Nothing but a number is needed: the count of lines below that include "Necklace".

***** Provided records

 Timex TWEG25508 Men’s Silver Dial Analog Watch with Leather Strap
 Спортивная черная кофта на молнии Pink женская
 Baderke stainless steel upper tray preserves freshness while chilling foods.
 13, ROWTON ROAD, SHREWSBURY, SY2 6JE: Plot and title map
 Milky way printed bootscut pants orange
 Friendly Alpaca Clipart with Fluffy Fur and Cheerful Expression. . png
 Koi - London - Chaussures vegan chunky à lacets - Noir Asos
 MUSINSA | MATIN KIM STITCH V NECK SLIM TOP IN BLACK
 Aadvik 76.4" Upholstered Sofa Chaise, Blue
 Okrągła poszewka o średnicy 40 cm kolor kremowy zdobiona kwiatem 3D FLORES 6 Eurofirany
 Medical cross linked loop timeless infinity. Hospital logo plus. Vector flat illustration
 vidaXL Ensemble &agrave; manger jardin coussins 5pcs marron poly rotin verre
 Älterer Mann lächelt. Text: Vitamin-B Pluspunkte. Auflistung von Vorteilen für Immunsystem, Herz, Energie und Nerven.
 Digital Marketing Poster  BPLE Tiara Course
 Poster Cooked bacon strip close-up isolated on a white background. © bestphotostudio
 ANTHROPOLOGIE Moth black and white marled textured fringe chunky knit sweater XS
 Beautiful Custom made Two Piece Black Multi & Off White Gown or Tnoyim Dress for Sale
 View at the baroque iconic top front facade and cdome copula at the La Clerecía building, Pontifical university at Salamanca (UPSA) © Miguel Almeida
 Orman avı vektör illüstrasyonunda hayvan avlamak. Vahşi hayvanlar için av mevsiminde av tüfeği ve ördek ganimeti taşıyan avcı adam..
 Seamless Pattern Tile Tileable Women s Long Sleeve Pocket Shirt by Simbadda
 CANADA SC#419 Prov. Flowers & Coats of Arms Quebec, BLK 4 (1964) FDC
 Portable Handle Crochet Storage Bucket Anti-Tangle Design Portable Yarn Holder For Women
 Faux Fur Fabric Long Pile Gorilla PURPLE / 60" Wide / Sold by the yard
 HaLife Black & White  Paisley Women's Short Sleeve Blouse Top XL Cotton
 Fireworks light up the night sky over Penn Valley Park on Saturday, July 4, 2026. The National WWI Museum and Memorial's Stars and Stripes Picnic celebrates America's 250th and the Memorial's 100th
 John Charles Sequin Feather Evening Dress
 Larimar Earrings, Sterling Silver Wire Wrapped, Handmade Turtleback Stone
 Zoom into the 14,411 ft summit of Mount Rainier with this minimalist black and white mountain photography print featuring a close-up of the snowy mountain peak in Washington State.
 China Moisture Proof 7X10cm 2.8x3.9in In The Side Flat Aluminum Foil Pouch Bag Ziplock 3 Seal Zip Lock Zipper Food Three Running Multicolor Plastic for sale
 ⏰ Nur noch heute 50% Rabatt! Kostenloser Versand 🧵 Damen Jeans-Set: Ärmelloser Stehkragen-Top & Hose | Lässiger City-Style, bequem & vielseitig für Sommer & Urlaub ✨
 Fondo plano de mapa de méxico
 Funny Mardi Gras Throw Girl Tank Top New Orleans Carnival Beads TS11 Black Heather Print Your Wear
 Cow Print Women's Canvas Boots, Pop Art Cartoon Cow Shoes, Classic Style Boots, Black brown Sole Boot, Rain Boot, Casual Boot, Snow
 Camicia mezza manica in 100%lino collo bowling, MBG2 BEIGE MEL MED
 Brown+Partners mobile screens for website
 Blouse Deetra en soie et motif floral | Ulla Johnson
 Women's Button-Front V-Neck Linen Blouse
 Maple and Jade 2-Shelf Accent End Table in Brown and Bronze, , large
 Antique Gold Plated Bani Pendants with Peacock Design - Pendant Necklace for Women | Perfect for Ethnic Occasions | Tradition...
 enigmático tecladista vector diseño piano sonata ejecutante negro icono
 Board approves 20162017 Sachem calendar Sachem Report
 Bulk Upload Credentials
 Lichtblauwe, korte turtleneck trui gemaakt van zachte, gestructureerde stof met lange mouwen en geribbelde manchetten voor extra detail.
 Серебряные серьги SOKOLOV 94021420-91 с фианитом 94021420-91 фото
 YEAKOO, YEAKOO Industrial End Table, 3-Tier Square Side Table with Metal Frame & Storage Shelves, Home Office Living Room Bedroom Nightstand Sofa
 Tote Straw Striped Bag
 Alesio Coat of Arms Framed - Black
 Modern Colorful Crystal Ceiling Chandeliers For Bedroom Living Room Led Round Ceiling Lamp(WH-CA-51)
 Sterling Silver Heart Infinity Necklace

**********

* _Reply to the exercise_: 2